I have a photo of Mr. Jose Tomokane. He told his wife one day the reason for coming home late. He attended the cremation of the American woman pilot.
Mrs. Tomokane and Mrs. Rufina C. Reyes were neighbors during the Japanese time. They often visited with one another. Dolores, daughter of Mrs. Rufina C. Reyes, heard their conversation about the cremation of an American woman pilot. These two wives were the only individuals who knew secretly about the cremation of Amelia through Mr. Tomokane.

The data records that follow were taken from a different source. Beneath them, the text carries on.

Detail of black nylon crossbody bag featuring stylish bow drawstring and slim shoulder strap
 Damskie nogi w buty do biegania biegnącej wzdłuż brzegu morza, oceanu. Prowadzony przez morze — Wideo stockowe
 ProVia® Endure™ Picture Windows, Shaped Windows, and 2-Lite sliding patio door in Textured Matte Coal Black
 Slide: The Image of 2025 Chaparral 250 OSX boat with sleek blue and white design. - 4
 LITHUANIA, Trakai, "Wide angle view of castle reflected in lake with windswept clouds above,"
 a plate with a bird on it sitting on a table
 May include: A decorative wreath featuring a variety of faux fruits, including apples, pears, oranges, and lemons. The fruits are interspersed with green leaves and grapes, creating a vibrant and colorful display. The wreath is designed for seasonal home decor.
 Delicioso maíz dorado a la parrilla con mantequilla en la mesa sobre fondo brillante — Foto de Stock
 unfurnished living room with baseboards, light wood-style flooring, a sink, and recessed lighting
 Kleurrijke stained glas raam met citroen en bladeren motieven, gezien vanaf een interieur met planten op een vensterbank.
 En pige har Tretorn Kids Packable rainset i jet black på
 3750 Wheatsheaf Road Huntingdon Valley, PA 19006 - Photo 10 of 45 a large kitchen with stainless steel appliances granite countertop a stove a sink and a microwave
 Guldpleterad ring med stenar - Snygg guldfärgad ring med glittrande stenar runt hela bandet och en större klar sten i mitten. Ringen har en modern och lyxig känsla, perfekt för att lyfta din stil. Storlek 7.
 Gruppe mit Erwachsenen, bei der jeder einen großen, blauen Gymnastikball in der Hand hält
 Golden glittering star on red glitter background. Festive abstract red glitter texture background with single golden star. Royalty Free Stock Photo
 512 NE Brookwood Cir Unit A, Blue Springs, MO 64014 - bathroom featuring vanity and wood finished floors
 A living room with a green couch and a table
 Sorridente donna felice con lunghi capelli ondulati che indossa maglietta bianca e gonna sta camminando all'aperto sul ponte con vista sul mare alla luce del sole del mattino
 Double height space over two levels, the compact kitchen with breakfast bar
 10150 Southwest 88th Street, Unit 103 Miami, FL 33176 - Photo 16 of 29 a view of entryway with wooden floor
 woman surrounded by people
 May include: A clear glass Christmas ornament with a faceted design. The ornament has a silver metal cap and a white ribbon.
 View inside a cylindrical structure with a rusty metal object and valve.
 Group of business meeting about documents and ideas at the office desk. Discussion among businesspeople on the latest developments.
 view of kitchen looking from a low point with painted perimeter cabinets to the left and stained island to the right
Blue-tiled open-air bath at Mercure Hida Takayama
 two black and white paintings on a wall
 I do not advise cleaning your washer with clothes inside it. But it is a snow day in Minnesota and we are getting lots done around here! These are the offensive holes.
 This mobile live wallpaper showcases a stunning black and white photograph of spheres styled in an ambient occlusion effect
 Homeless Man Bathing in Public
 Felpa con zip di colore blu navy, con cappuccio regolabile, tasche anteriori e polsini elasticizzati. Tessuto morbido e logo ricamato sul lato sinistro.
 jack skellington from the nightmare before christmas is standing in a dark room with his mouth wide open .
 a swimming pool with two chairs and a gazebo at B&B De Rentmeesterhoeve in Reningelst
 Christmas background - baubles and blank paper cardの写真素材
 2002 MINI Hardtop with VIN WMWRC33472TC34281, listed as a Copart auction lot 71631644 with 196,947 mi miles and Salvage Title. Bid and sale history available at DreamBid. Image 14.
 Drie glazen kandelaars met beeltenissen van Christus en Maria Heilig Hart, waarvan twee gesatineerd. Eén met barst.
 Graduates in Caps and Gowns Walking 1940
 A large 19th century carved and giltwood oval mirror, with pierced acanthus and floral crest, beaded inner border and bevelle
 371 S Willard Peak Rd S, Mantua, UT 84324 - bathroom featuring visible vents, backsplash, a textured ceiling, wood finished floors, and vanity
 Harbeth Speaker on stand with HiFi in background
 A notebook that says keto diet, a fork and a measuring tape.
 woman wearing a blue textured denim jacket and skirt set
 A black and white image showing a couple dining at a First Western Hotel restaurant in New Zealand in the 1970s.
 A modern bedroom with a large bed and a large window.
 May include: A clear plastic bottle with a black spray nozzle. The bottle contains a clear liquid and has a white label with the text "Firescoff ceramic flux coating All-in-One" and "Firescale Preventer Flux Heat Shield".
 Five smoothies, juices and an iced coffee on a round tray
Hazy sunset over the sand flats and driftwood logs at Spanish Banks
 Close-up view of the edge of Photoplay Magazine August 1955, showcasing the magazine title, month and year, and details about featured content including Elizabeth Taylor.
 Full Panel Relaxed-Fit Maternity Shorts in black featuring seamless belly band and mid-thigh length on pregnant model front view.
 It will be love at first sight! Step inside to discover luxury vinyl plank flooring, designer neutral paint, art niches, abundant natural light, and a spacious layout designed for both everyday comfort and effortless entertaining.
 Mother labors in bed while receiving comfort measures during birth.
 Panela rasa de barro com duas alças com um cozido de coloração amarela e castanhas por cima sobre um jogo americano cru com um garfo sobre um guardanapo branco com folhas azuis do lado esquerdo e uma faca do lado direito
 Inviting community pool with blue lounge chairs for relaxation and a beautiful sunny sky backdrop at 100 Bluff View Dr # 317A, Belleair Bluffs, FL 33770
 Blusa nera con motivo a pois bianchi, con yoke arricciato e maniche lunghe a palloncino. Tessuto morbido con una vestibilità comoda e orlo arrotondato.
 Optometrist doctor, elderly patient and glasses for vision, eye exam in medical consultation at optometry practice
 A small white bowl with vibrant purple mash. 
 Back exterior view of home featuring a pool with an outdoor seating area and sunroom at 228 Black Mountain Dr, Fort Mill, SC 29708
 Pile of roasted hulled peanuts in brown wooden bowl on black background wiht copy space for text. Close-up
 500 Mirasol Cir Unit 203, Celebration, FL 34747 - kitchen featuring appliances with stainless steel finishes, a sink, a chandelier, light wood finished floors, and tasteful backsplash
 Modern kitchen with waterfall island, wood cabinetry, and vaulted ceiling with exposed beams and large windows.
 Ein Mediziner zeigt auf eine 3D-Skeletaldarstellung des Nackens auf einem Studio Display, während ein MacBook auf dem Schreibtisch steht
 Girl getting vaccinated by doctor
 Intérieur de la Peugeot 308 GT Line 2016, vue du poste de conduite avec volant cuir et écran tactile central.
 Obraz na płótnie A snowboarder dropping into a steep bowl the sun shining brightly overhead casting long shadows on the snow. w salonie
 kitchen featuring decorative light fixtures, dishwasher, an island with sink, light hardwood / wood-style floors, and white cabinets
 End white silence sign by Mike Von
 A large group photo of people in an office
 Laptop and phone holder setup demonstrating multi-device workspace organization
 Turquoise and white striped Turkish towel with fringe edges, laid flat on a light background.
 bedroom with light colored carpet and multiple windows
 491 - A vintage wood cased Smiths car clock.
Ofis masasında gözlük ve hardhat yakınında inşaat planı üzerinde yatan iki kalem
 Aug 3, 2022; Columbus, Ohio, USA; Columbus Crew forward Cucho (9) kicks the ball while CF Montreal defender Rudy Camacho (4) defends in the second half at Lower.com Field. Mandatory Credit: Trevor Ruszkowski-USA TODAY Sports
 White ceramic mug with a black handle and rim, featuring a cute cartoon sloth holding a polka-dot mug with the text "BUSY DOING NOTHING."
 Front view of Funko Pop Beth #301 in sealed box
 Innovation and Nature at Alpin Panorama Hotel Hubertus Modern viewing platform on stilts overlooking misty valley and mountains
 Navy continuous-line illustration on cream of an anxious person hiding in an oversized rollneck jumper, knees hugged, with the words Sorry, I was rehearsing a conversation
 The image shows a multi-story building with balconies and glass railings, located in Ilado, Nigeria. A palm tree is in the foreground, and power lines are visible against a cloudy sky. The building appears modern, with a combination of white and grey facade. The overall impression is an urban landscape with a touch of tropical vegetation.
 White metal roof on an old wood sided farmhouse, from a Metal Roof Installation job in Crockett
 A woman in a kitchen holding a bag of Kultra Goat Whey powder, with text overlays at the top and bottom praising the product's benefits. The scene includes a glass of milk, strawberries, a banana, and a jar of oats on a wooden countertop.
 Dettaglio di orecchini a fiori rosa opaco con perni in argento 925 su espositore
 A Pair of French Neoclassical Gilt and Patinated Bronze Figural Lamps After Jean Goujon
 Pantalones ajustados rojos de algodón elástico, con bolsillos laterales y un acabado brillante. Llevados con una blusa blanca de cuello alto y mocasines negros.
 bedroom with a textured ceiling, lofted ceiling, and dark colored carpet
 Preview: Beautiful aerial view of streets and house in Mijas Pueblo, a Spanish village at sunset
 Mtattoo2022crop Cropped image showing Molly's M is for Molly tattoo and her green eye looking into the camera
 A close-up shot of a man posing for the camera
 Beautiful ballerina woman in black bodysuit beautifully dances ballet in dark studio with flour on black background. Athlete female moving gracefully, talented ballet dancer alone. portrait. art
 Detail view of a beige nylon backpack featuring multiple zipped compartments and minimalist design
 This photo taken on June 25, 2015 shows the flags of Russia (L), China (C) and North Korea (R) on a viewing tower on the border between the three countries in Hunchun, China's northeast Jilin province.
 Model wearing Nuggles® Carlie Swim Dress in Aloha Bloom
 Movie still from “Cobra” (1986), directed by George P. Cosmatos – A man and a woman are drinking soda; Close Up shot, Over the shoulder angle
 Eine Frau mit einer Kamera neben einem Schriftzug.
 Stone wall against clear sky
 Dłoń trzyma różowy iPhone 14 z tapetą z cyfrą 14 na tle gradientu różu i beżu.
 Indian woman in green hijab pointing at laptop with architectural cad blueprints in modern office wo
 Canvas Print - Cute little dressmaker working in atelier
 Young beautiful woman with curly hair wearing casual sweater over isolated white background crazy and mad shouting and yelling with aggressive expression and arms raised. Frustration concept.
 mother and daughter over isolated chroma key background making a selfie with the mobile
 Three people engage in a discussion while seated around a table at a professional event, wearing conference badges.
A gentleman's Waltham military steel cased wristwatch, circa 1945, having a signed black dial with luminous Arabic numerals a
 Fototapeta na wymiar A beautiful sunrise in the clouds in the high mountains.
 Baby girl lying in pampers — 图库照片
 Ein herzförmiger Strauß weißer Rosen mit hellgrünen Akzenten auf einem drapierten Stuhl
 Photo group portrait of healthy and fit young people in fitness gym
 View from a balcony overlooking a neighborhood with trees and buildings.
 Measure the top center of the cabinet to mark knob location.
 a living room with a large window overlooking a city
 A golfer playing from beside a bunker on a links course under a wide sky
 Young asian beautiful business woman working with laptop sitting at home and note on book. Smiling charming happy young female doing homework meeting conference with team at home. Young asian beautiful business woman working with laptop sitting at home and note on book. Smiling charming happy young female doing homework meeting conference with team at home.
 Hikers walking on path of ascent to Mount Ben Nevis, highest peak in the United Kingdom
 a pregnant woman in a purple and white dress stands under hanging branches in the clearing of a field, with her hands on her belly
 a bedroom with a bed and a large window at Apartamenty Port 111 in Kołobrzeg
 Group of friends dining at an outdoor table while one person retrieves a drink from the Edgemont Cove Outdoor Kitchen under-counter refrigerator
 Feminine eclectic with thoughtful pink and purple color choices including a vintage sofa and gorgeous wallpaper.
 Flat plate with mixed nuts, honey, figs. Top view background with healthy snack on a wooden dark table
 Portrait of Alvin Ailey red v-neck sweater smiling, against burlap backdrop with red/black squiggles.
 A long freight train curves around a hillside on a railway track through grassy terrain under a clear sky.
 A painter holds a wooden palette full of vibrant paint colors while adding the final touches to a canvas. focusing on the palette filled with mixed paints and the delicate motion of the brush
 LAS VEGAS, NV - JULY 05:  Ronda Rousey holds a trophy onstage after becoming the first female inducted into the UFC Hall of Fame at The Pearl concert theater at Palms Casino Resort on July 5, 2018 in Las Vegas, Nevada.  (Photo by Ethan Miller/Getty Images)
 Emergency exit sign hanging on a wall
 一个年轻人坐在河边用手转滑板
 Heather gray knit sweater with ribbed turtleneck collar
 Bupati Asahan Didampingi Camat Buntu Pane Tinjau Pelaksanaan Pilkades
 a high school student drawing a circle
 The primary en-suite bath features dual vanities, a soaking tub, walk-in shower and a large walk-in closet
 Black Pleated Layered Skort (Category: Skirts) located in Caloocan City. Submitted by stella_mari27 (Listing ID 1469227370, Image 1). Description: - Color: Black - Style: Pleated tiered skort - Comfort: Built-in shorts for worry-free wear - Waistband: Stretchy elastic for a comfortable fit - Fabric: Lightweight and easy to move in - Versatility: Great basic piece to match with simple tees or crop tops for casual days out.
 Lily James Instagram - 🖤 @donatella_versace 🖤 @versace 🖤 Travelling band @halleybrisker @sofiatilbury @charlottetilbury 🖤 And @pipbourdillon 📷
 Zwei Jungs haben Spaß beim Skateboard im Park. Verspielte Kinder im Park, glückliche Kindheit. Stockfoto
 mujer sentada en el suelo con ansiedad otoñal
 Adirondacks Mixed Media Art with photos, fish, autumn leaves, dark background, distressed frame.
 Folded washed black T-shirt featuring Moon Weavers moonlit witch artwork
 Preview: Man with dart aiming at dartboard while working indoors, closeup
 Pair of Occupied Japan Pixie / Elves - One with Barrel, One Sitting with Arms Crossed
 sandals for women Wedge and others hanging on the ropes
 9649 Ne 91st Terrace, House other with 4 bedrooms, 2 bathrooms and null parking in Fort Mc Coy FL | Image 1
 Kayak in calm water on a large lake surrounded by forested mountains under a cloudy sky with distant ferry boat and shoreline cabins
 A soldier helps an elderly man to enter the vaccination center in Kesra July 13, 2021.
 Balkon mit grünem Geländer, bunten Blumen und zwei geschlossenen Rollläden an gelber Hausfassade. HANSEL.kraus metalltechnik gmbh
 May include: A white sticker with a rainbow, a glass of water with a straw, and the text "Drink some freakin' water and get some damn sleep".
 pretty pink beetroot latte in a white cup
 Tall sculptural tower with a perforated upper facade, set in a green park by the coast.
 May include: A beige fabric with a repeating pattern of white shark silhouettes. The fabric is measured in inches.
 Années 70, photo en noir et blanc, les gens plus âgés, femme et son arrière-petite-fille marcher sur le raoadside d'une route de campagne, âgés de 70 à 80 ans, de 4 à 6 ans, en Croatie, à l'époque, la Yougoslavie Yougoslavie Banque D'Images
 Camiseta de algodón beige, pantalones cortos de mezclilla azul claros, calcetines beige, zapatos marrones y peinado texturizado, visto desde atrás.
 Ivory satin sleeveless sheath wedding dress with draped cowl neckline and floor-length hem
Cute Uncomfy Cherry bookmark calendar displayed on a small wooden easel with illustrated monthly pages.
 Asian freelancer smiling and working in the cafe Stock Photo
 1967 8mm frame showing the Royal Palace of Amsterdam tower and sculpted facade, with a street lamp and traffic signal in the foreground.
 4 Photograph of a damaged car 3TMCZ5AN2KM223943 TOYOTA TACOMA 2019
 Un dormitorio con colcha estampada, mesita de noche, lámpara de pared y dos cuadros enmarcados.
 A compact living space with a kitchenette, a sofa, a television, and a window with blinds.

Had it not been for the daughter of Mrs. Rufina C. Reyes, who heard the conversation of the two wives, we would have never known about Mr. Tomokane’s interesting day. David M. Sablan has also said that he heard about Amelia being cremated according to Mr. Tomokane.
The American GI Witnesses on Saipan
The Battle of Saipan, fought from June 15 to July 9, 1944, was the most important battle of the Pacific War to date. The U.S. 2nd and 4th Marine Divisions, and the Army’s 27th Infantry Division, commanded by Lieutenant General Holland Smith, defeated the 43rd Infantry Division of the Imperial Japanese Army, commanded by Lieutenant General Yoshitsugu Saito.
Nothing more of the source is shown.